# Battlefields campaign report



## Ancient Tiel' a fier (May 5, 2008)

Snorri o Dubhda and i were recently at warhammer world taking part in the fantasy battlefields campaign weekend. It was an awesome event and i would reccomend it to anyone who loves gaming for fun instead of competetion. We went down on the friday, so in the ale house for much drinking and catching up. Skipping much of the boring details of how our wives are and what holiday plans we have for next year, we arrived at warhammer world on the saturday morning see the eager face.








After the tradional "shit im awake coffee" and doning my heresy top we moved into the gaming hall for registration and got stuck in.

















My first game was against an orc and goblin army as i unfurled my dwarfs my opponant gave a concerned expression. The objective was for him to get two unit strength ten or more units in my half of the field by turn six.

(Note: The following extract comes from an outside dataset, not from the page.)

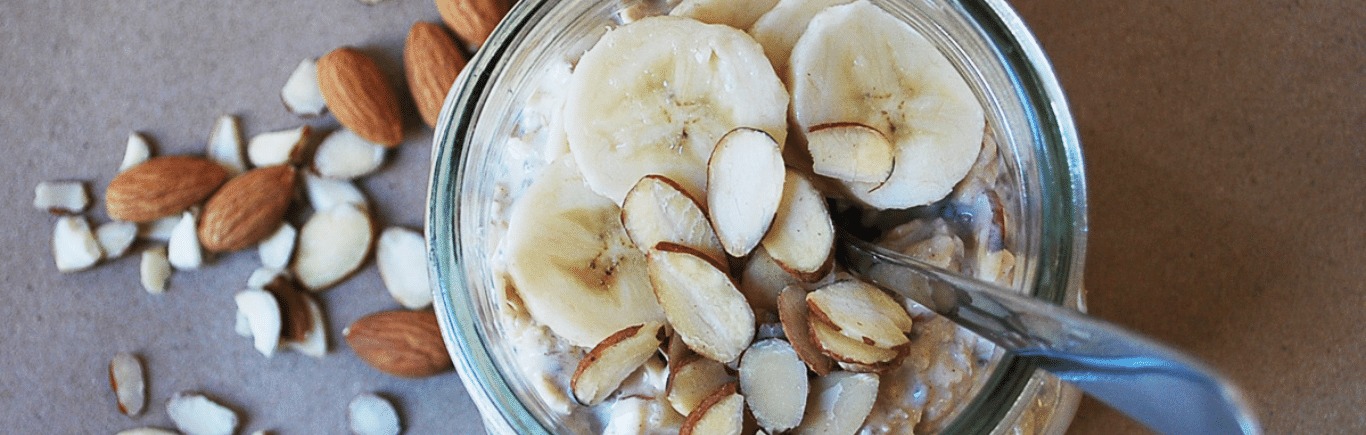 Recette de Flocons d’avoines à la banane et aux amandes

He was a great guy and fun to beat :laugh:, here is a shot of the remnants of his army.









VP 2991 - 693 Ancient win

Then of course came the ale, Drednought was its name and playful was its flavour. Snorri with his.









And me with mine.









My second game was aginst 3000pts of skaven using 1500pts of my dwarfs, the objective to stop him getting a unit off the table for every turn past the fourth. Suffice to say i was bummed with so many weapons teams and gutter runners i could never have won. However by VP i would say i massacred him. His first turn and first roll for the screaming bell.








Things are looking up his bell destroyed grey seer dead and five ratmen from the unit crushed, he beggins to maim his army for me. Though he pulled a lot when this little bastard ran down my gun line. (sorry about the light to dark for macro too close for standard)








The game went well loads of fun loads of twists including one moment where it looked as though i might win, but no.

VP 1737 - 1887 Enemy wins (dont forget he had twice the points i did)

More of this.









Then the third game. My first ever female oppoant so i was very much the gentleman. The objective to seize the centre of the field, 3000 pts a side, High elves Vs Dwarfs.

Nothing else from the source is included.